Tax (and "Taxable", which shall mean subject to Tax), shall mean, with
respect to any Person, (a) all taxes (domestic or foreign), including without
limitation any income (net, gross or other including recapture of any tax items
such as investment tax credits), alternative or add-on minimum tax, gross
income, gross receipts, gains, sales, use, leasing, lease, user, ad valorem,
transfer, recording, franchise, profits, property (real or personal, tangible or
intangible), fuel, license, withholding on amounts paid to or by such Person,
payroll, employment, unemployment, social security, excise, severance, stamp,
occupation, premium, environmental or windfall profit tax, custom, duty or other
tax, or other like assessment or charge of any kind whatsoever, together with
any interest, levies, assessments, charges, penalties, addition to tax or
additional amount imposed by any Taxing Authority, (b) any joint or several
liability of such Person with any other Person for the payment of any amounts of
the type described in (a) and (c) any liability of such Person for the payment
of any amounts of the type described in (a) as a result of any express or
implied obligation to indemnify any other Person.

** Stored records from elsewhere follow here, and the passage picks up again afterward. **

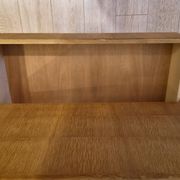 Commode vintage chêne
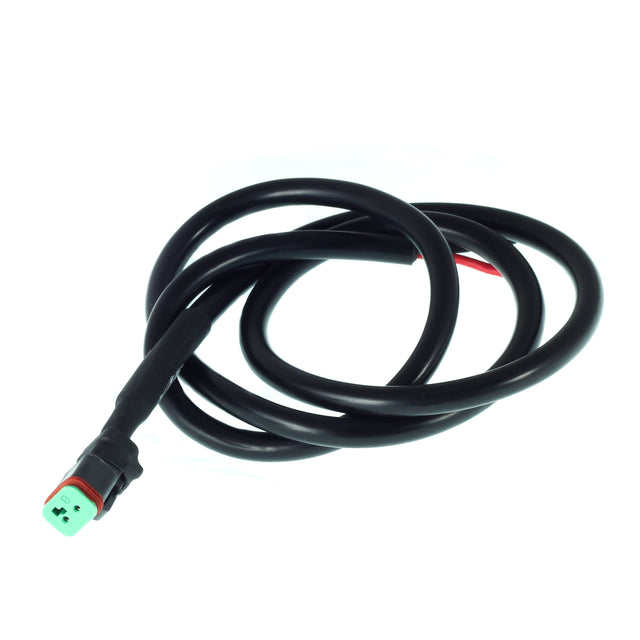 Photo of DT Waterproof Pig Tail by All Terrain Concepts - Premium Accessories for UTVs / Side by Sides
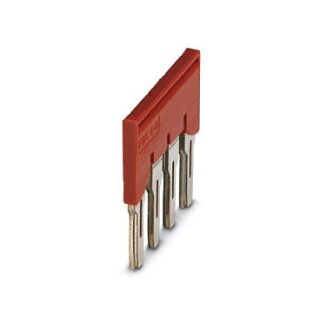 Phoenix 3030307 Steckbrcke FBS 4-8 4-polig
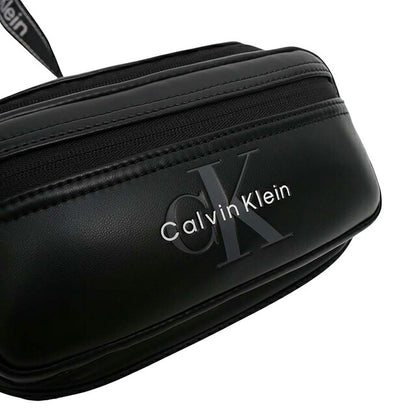 Calvin Klein BOLD LOGO WEBBING Body Bag lv04d3419g-ub1 Men&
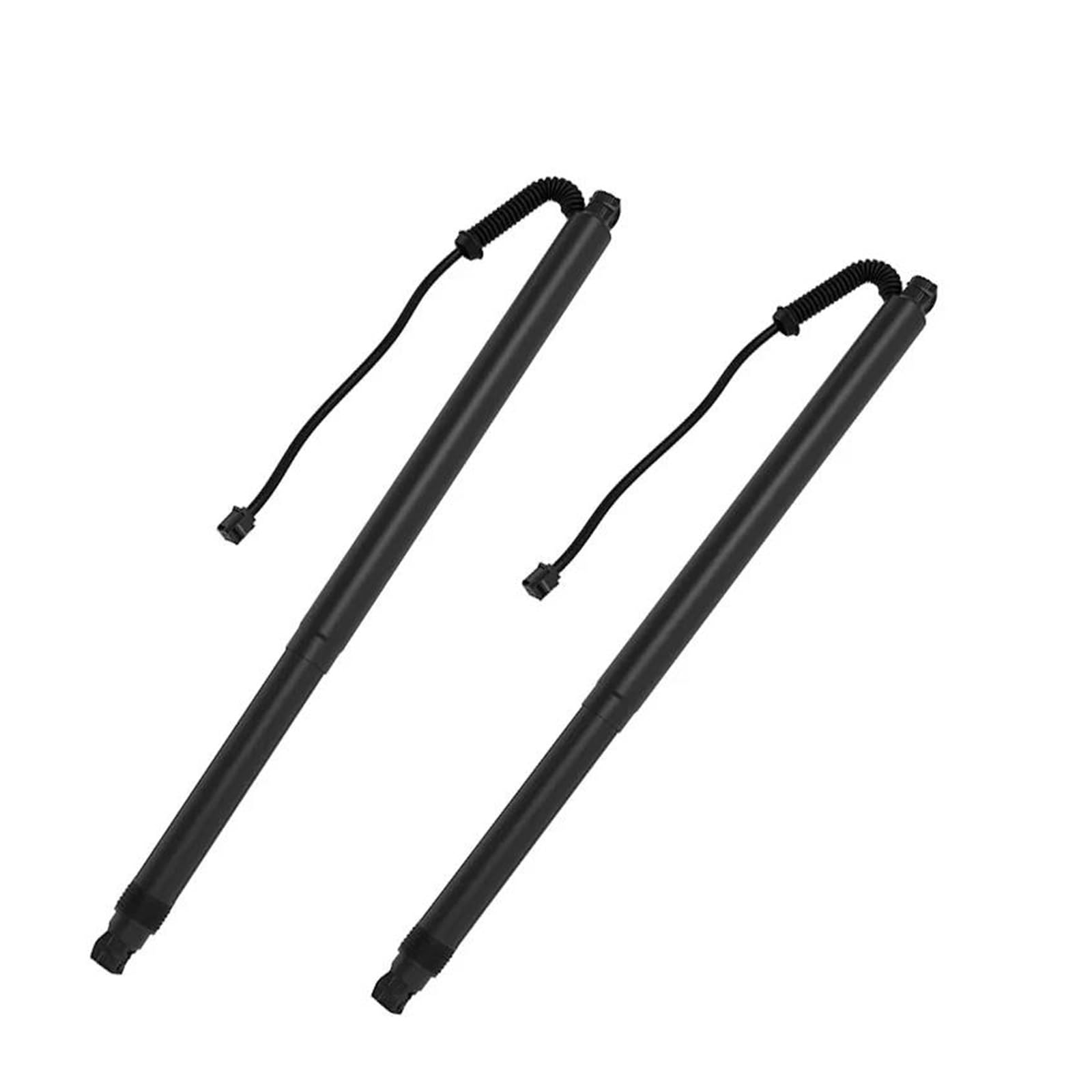 Gas Strut For Nissan For Murano 2015-2020 Electric struts 905615AA1A 905605AA1A Spring Tailgate Electric Tailgate Lifting Bracket Electric Tailgate Struts(Onecolor)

Tax Allocation Schedule shall have the meaning given to it in Section
2.3.
Tax Claim shall mean any Claim which relates to Taxes, including
without limitation the representations and warranties set forth in Section 3.11.
Tax Return or Returns shall mean all returns, consolidated or otherwise
(including without limitation information returns), required to be filed with
any Authority with respect to Taxes.
Tax accounting principles shall have the meaning given to it in Section
3.2.
Taxing Authority shall mean any Authority responsible for the
imposition of any Tax.
Termination Date shall have the meaning given to it in Section 7.1.
Termination Period shall have the meaning given to it in Section 9.16.
Title Company shall have the meaning given to it in Section 5.7.
Title Reports shall have the meaning given to it in Section 5.7.
Transactions shall mean the transactions contemplated to be consummated
on or prior to the Closing Date, including without limitation the purchase and
sale of the Meridian Assets and the Meridian Business and the execution,
delivery and performance of the Collateral Documents.